Skip the images and repeat every entry word for word.

BEGIN The data

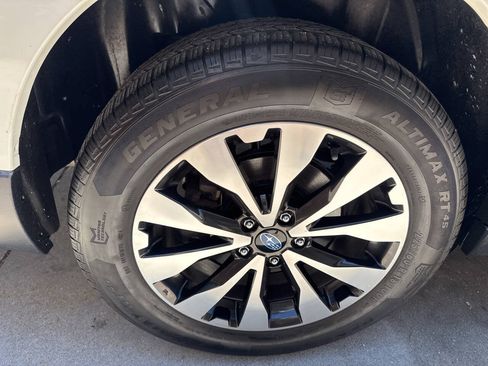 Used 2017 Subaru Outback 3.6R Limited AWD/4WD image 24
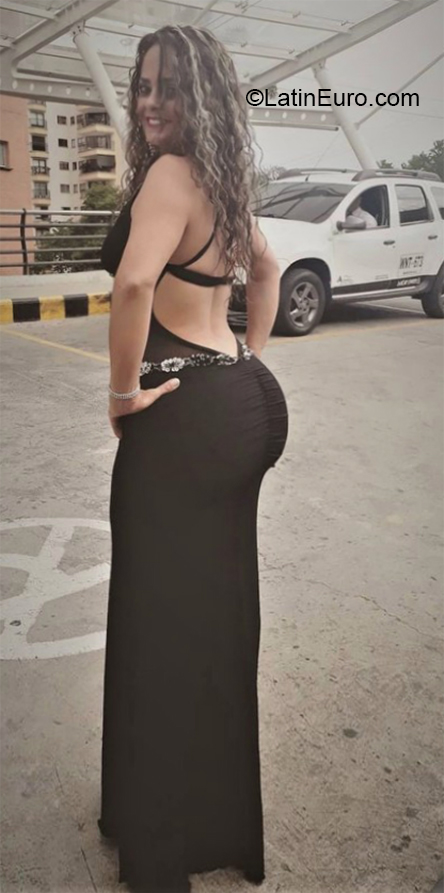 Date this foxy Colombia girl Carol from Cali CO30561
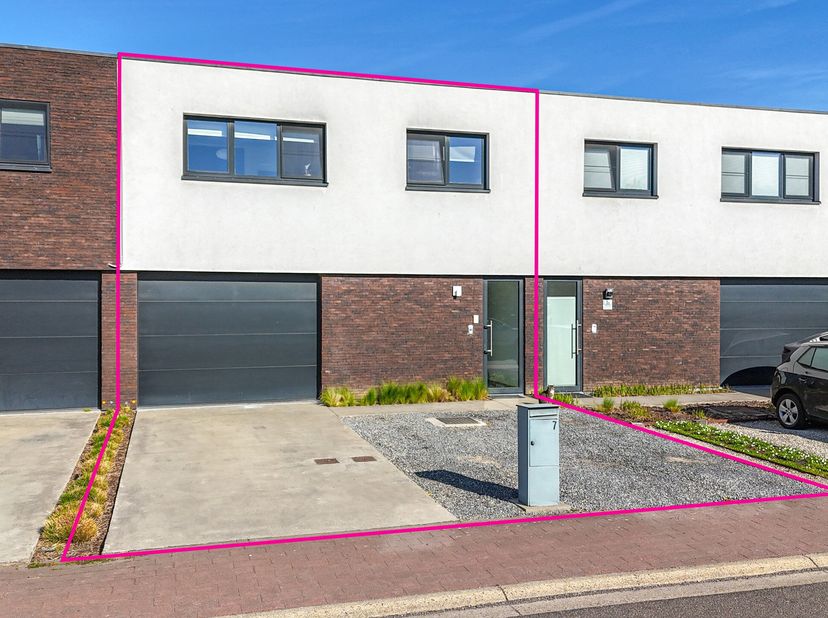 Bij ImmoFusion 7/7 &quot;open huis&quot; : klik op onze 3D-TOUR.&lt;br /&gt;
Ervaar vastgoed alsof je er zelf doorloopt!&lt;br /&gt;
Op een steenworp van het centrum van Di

END The data

• **Written solution**
 Used 2017 Subaru Outback 3.6R Limited AWD/4WD image 24
 Date this foxy Colombia girl Carol from Cali CO30561
 Bij ImmoFusion 7/7 &quot;open huis&quot; : klik op onze 3D-TOUR.&lt;br /&gt;
Ervaar vastgoed alsof je er zelf doorloopt!&lt;br /&gt;
Op een steenworp van het centrum van Di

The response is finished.